Kristen Gyles | Some school punishments just don’t work
One Friday, during my high-school days, I sat in a class where the teacher issued a terse warning to a male student whose pants were apparently too tight. She made it clear that he needed to fix his pants because if he returned to school in the tights on Monday, he would not be allowed to stay in her class. She didn’t leave it there. She told him that she would send him out of the class and give him a ‘deportment mark’ and that she would also mark him as being truant.
He returned to school on Monday with his tights on, and refused to leave when she told him to get out. The boy has a brain. A teacher shouldn’t try to mark a student as being truant after ordering them out the class. He knows that. The class is now sitting and watching what she’ll do. Now, not only does she have an improperly attired student, but a blatantly defiant one.
So, Miss stands her ground. She’s not teaching until he leaves the class with his tight pants. He’s sitting there and she’s sitting there. And the rest of us, tired of the stalemate, begin to occupy ourselves with reading, sleeping and quiet chatter, waiting on either of them to break the chokehold.
At the end of the class, to our surprise, she expresses her disappointment that the class did not help her to chase the boy out of the class. Wow!
In cases like these, not only is the teacher sure not to get support from the school, but they will also end up having to back down from their lofty declarations, reducing their own sense of control in the classroom. Truth be told, many teachers have found themselves in this position. It’s easy for a teacher to end up hanging their cap where they just can’t reach it. But, the nature of punishment in schools today, is partly to blame.
ARSENAL
Teachers are trying to use the tools available to them, but what do the teachers have in their arsenal? Detentions, demerits, order marks, deportment marks and other totally ridiculous and laughable means of punishment that hardly any child in the world really cares about. While the discussion is not about whether or not he should have been punished for sporting tights to school as school pants, the promised punishment was not much of a deterrent to begin with, because of its impotence.
Punishment has its place in schools. But given that the classroom is a high-stress arena with emotions typically flying in all directions, there needs to be clear criteria outlining the parameters of school punishment. Some students are abusive towards teachers and in some cases, the teachers react or retaliate in unmeasured ways that can potentially hurt the students.
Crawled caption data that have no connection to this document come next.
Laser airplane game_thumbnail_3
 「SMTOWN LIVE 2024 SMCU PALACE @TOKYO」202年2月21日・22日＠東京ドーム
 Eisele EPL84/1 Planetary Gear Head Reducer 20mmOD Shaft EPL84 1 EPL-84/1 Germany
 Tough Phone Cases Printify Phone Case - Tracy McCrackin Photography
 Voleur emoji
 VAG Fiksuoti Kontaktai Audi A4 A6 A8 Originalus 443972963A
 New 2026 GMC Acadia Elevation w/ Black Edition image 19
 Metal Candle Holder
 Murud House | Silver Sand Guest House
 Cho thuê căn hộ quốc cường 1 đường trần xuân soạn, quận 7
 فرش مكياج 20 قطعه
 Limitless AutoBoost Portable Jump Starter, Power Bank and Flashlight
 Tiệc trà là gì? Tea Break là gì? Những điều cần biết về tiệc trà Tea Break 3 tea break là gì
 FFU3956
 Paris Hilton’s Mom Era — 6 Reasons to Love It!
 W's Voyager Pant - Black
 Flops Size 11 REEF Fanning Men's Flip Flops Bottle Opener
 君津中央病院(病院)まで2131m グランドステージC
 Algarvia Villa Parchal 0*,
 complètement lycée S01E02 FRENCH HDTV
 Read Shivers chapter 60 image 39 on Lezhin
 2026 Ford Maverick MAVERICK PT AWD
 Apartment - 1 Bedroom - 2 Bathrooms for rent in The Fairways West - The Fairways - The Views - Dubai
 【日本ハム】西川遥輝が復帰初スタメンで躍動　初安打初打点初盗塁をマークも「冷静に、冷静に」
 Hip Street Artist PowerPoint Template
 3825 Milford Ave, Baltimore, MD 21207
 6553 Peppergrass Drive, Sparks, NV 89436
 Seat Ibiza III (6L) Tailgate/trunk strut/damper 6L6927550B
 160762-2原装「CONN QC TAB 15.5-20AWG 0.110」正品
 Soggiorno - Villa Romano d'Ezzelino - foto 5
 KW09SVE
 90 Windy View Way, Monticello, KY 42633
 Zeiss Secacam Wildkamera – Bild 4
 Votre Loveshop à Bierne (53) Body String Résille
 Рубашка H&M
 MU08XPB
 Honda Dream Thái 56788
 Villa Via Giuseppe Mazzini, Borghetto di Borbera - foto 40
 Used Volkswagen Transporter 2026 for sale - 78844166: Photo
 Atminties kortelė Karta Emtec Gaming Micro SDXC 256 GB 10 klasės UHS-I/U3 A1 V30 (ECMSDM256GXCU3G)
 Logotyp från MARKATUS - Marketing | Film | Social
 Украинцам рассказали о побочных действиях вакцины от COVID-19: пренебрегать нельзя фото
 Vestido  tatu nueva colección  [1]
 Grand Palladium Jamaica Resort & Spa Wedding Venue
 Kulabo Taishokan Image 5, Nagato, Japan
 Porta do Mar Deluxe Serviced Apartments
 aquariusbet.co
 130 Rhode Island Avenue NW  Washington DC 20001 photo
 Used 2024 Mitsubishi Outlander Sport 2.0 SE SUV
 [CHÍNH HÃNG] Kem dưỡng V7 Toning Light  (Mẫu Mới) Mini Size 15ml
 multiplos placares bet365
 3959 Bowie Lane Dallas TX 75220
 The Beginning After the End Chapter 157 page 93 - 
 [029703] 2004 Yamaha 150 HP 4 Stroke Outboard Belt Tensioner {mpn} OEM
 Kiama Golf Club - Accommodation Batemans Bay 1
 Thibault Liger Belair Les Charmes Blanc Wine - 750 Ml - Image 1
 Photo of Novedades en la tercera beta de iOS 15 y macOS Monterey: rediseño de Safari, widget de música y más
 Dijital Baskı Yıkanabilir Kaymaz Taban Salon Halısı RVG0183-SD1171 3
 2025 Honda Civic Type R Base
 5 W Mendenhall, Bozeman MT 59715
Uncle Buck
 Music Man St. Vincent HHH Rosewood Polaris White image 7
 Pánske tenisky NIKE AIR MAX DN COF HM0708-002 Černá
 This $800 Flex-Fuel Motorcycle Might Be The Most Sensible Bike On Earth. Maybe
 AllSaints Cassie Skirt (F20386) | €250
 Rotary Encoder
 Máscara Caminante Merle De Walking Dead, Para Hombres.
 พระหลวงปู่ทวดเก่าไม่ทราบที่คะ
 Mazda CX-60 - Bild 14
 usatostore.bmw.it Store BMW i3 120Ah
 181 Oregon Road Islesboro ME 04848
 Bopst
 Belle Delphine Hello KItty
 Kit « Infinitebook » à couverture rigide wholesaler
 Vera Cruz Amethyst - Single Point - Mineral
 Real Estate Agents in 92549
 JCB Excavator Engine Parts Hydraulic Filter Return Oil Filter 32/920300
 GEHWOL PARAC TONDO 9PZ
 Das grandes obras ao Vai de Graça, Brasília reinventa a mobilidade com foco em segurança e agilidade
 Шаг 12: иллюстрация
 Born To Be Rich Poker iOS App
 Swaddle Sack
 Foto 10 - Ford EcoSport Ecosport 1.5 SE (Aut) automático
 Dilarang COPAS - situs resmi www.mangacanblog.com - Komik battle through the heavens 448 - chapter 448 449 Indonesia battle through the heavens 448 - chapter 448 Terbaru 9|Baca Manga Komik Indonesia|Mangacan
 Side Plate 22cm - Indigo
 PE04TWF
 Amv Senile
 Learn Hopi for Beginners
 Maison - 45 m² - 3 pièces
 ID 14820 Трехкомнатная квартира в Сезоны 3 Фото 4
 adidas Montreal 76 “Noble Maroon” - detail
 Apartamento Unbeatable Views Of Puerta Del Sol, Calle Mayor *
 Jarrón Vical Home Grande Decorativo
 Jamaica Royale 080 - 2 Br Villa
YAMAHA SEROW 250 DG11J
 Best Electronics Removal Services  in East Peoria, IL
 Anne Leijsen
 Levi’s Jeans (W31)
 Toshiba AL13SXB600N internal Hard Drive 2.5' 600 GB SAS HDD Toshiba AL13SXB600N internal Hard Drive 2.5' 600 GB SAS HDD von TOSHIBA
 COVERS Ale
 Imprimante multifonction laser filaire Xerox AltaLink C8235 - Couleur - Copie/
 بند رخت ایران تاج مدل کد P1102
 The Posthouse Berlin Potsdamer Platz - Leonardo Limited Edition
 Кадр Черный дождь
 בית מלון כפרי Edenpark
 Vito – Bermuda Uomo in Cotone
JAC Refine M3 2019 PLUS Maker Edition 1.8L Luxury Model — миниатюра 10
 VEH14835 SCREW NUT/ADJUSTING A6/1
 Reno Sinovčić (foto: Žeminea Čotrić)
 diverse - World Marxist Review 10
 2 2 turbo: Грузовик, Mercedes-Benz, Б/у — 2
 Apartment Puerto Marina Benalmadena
For this reason, corporal punishment has rightfully been booted out of schools. Some students have returned home with swollen faces and bruised backs because teachers either lost their cool in the heat of classroom stress or simply indulged warped ideas about what appropriate discipline looks like. But, teachers who simply don’t like children or suffer from lack of sound judgement find creative ways of harming students even when corporal punishment is disallowed.
In 2016, for example, I distinctly remember an incident in which a child was apparently made to stand outside and look up at the sun as ‘punishment’. That wasn’t punishment. That was abuse. Regardless of what the child was thought to have done, that type of treatment would have only caused harm.
But, these occasional cases of lunacy aside, the banning of corporal punishment in schools has helped to protect students from many abuses. So, with corporal punishment having rightfully lost its status as an appropriate means of discipline, what else can be done to maintain discipline in schools?
MEANINGFUL AND EFFECTIVE
Get the students more involved in the actual work that needs to be done around the school. Punishment can be meaningful and effective.
It is the dream of many students to get a week off from school to spend at home lounging in front of the TV. Yet, somehow, someone thought sending students home from school for ‘suspension’ would be a deterrent to bad behaviour. Maybe way, wayyyyy back in the day, but not today.
Why not instead have the students participate in the sweeping and mopping of classrooms for the suspension period? Working in the school kitchen? Clearing litter from the school yard after lunch times? Weeding the school’s agricultural farm? But, please. End the ‘go-home’ suspensions. Furthermore, some students really need this type of exposure to certain tasks.
If schools adopt disciplinary programmes that involve activities like these, they simply need to declare from the outset what the expectations of students will be, following cases of misconduct. Parents may decide that their children are too good to scrub pots and mop floors, and can consequently find different schools.
One more thing. Giving overwhelming attention to bad behaving students only encourages them. So, asking a student to put their chewing gum on their forehead or having them tape a ‘bad behaviour’ sign on to their uniform, is a class clown’s dream.